Lawrence A. Hamermesh, a law professor from Widener University, and Michael L. Wachter, a law professor from the University of Pennsylvania, suggest in a working paper that “active judicial supervision” during the early stages of litigation provides a better solution to addressing the “ubiquitous litigation” that arises from corporate transactions than fee-shifting bylaw and charter provisions.
The paper notes that no system is perfect and that Delaware's “pleading triage system” will not entirely eliminate the “merger tax” problem in which mergers and acquisitions are routinely challenged through shareholder litigation. However, the authors propose that with the increased use of Delaware forum selection provisions, “the motion to dismiss and the motion to expedite discovery are likely to become even more important in promoting the efficient conduct of shareholder class and derivative litigation involving public companies.”

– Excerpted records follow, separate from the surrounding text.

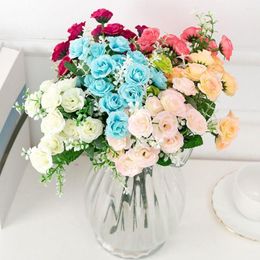 Decorative Flowers Wedding Decor Garland Fake Home 15 Heads Bouquet Silk Rose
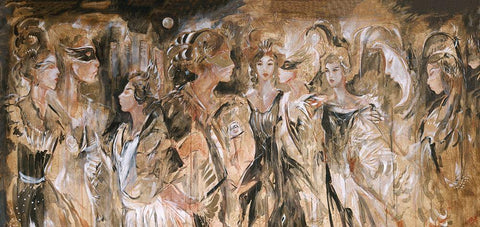 Renaisaunce III- vertical piece Black Ornate Wood Framed Art Print with Double Matting by Wiley, Marta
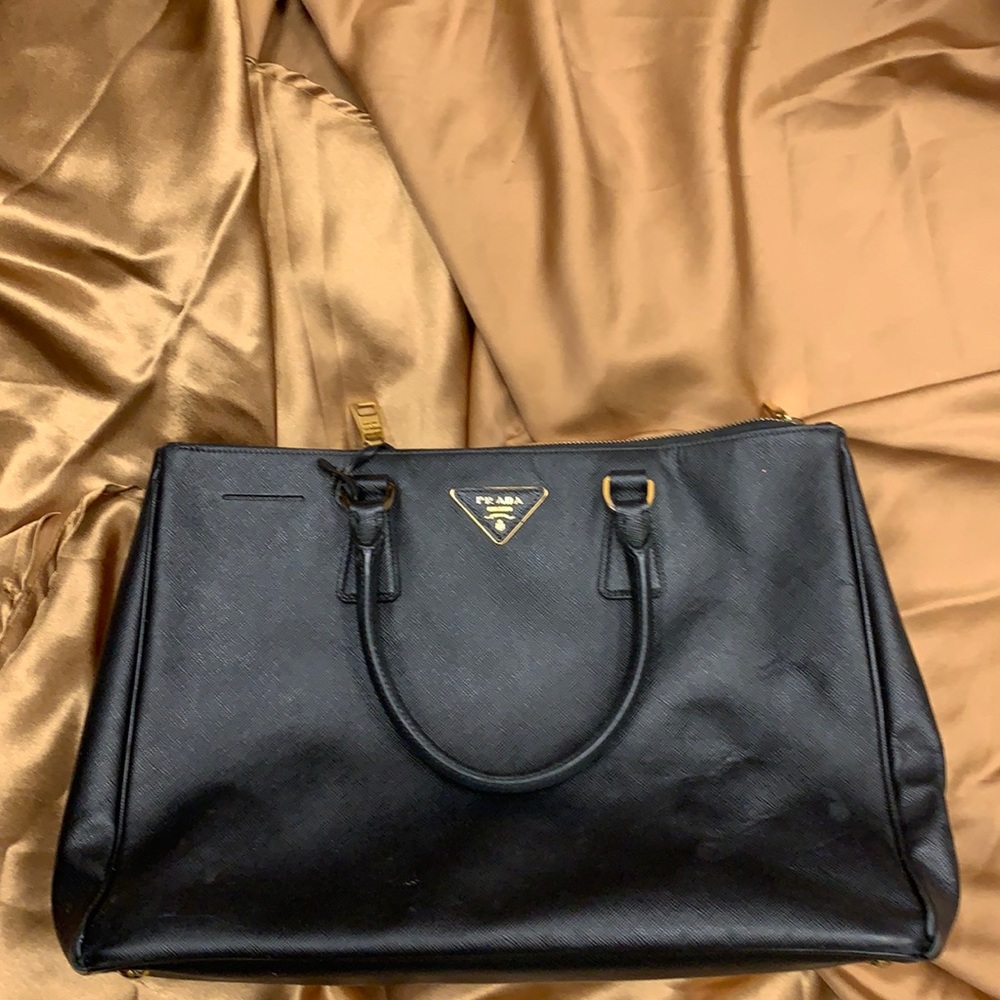 Prada black handbag gently used
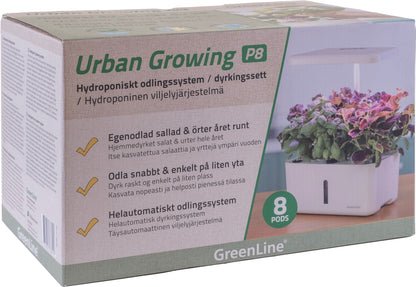 Hydroponinen vesiviljelyjärjestelmä Urban Growing P8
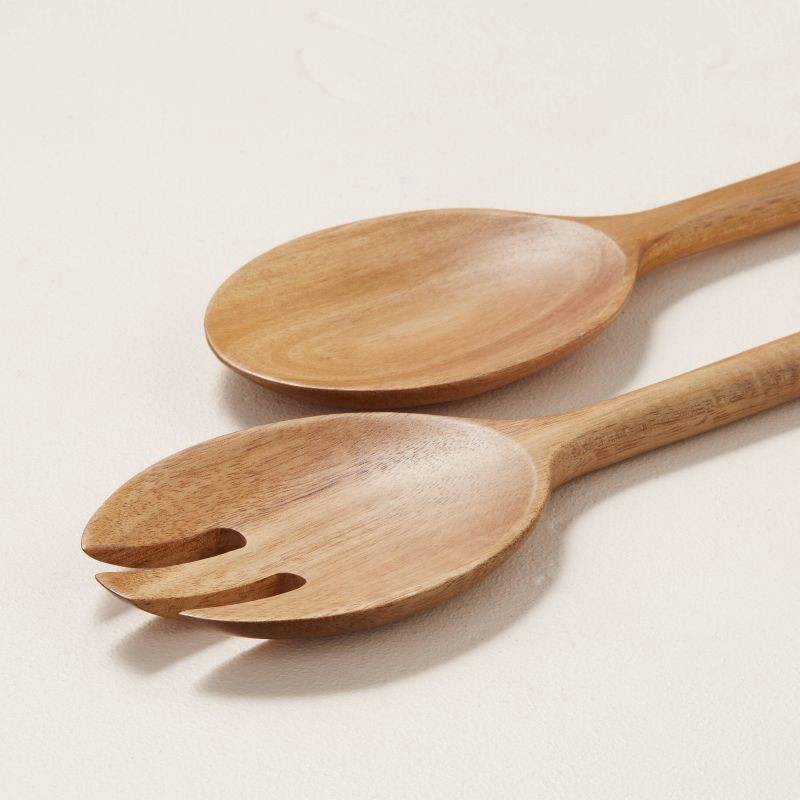 slide 2 of 3, Hearth & Hand with Magnolia Wood Salad Claws - Hearth & Hand™ with Magnolia: Acacia Serving Fork & Spoon Set, 1 ct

“Mostly, the paper was designed to show how the system works and can work, and why it works the way it does,” Hamermesh told Bloomberg BNA. The system can deal with the very big problem that litigation is expensive once it gets to comprehensive discovery, he said, adding that there are mechanisms that try to separate good cases from bad ones at an early stage.
The system the paper describes works a bit more effectively if a corporation has an exclusive forum provision, Hamermesh continued. “Defendants will be a little braver” about challenging cases they think are frivolous and courts are going to be “better equipped” to do the policing the paper describes.
“I don’t think settlements will go away and I don’t think a lot of defendants want them to,” he said. But I think the system we describe—the triage system—works a lot better “when you don’t have jurisdictional competition” because it just undermines the dynamics of the litigation process.
Earlier this summer, Delaware Gov. Jack Markell (D) signed legislation that, among other actions, restricts the ability of stock corporations to adopt “loser pays” bylaws or charter provisions and endorses Delaware exclusive forum selection clauses.
The push to restrict fee-shifting bylaws was provoked by concerns that such provisions would effectively preclude shareholders from bringing derivative litigation. However, the legislation faced strong opposition. Critics argued that the legislation eliminated an important mechanism that corporations can use to combat abusive ligation, particularly in the M&A context.